** WHAT TO DO **
Exactly the lines from the one with "Компонента Bz магнитного" to the end of the listing must be repeated, both ends included, with nothing added.

** DATASET CONTENT **
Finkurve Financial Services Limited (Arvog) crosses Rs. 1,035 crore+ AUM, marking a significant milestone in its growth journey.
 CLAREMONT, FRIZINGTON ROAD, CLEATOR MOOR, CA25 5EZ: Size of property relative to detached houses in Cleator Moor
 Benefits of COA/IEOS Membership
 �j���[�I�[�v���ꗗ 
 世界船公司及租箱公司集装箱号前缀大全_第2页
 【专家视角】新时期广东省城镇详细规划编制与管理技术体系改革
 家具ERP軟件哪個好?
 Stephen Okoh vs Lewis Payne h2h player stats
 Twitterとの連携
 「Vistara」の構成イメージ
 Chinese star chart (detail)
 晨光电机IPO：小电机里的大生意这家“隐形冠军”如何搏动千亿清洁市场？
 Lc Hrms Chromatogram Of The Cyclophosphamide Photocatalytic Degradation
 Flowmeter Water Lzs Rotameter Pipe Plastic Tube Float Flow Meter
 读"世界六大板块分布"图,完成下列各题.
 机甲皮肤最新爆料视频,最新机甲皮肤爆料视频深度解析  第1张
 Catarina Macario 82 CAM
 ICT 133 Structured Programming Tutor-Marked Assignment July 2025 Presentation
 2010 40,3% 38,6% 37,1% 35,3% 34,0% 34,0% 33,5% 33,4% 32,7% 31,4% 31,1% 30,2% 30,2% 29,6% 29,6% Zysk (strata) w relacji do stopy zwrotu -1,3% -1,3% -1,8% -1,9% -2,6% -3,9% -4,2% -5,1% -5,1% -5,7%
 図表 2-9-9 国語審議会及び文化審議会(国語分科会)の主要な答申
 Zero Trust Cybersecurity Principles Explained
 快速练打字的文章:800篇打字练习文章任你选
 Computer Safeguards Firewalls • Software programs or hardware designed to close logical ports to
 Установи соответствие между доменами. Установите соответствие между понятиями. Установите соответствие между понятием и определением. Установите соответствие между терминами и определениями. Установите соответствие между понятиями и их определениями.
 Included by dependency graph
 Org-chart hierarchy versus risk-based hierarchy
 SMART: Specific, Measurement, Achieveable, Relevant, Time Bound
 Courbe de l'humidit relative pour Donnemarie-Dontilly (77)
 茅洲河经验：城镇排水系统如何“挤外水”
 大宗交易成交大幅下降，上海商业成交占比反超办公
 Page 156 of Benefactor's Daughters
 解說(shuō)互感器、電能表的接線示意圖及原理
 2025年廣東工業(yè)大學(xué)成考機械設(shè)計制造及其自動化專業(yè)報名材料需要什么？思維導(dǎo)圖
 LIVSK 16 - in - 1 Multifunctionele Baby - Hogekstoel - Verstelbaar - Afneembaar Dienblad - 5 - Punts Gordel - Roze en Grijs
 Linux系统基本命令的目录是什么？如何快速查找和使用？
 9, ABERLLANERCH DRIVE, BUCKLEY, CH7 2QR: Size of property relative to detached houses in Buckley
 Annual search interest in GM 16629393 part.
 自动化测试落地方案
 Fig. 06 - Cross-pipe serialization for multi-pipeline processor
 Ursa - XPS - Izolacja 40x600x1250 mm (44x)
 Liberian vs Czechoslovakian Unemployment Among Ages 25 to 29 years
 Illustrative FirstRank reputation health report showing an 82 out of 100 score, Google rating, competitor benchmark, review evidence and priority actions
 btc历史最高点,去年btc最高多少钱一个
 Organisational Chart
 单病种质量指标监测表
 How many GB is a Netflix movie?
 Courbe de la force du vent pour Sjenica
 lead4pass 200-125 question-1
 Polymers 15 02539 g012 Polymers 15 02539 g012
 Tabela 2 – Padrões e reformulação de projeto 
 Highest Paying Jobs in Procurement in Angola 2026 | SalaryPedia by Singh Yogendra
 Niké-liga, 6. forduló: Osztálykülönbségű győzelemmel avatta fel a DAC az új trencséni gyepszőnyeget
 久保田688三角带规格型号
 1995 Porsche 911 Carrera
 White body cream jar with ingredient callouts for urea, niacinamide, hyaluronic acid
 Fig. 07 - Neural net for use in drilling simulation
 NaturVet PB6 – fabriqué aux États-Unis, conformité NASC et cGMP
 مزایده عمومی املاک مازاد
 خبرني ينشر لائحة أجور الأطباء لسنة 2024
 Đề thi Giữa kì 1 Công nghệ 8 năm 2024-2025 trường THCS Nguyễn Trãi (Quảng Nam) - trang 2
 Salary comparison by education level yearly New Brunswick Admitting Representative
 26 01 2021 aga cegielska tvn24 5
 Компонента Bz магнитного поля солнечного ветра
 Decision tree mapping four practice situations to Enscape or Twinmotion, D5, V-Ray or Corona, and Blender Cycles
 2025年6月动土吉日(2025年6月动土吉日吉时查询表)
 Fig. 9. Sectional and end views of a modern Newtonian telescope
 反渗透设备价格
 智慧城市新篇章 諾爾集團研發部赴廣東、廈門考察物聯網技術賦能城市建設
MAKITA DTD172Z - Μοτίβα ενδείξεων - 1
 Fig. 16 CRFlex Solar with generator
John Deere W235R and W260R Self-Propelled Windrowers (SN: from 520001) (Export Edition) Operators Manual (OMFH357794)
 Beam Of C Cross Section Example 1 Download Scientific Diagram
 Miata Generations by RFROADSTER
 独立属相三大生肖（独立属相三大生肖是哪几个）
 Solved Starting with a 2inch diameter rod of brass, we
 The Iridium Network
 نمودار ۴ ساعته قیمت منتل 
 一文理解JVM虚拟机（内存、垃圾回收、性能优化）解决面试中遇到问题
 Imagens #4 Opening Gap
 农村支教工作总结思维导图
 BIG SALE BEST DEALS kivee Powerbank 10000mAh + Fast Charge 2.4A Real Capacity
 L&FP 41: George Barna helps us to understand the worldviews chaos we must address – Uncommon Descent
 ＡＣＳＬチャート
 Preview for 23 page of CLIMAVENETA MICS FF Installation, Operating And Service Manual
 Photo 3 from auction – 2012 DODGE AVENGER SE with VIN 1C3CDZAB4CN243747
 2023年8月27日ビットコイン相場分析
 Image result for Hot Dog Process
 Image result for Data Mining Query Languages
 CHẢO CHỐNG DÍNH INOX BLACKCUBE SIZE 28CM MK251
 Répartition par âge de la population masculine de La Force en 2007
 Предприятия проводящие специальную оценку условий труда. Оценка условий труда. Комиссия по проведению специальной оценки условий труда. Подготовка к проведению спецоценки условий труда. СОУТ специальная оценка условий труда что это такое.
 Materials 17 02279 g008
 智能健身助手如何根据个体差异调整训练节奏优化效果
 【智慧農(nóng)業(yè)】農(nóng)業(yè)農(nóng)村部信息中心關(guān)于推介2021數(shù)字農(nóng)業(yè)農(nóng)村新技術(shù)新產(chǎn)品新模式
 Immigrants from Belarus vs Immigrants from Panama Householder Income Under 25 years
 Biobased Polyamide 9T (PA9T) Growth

** RESPONSE BELOW **
 Компонента Bz магнитного поля солнечного ветра
 Decision tree mapping four practice situations to Enscape or Twinmotion, D5, V-Ray or Corona, and Blender Cycles
 2025年6月动土吉日(2025年6月动土吉日吉时查询表)
 Fig. 9. Sectional and end views of a modern Newtonian telescope
 反渗透设备价格
 智慧城市新篇章 諾爾集團研發部赴廣東、廈門考察物聯網技術賦能城市建設
MAKITA DTD172Z - Μοτίβα ενδείξεων - 1
 Fig. 16 CRFlex Solar with generator
John Deere W235R and W260R Self-Propelled Windrowers (SN: from 520001) (Export Edition) Operators Manual (OMFH357794)
 Beam Of C Cross Section Example 1 Download Scientific Diagram
 Miata Generations by RFROADSTER
 独立属相三大生肖（独立属相三大生肖是哪几个）
 Solved Starting with a 2inch diameter rod of brass, we
 The Iridium Network
 نمودار ۴ ساعته قیمت منتل 
 一文理解JVM虚拟机（内存、垃圾回收、性能优化）解决面试中遇到问题
 Imagens #4 Opening Gap
 农村支教工作总结思维导图
 BIG SALE BEST DEALS kivee Powerbank 10000mAh + Fast Charge 2.4A Real Capacity
 L&FP 41: George Barna helps us to understand the worldviews chaos we must address – Uncommon Descent
 ＡＣＳＬチャート
 Preview for 23 page of CLIMAVENETA MICS FF Installation, Operating And Service Manual
 Photo 3 from auction – 2012 DODGE AVENGER SE with VIN 1C3CDZAB4CN243747
 2023年8月27日ビットコイン相場分析
 Image result for Hot Dog Process
 Image result for Data Mining Query Languages
 CHẢO CHỐNG DÍNH INOX BLACKCUBE SIZE 28CM MK251
 Répartition par âge de la population masculine de La Force en 2007
 Предприятия проводящие специальную оценку условий труда. Оценка условий труда. Комиссия по проведению специальной оценки условий труда. Подготовка к проведению спецоценки условий труда. СОУТ специальная оценка условий труда что это такое.
 Materials 17 02279 g008
 智能健身助手如何根据个体差异调整训练节奏优化效果
 【智慧農(nóng)業(yè)】農(nóng)業(yè)農(nóng)村部信息中心關(guān)于推介2021數(shù)字農(nóng)業(yè)農(nóng)村新技術(shù)新產(chǎn)品新模式
 Immigrants from Belarus vs Immigrants from Panama Householder Income Under 25 years
 Biobased Polyamide 9T (PA9T) Growth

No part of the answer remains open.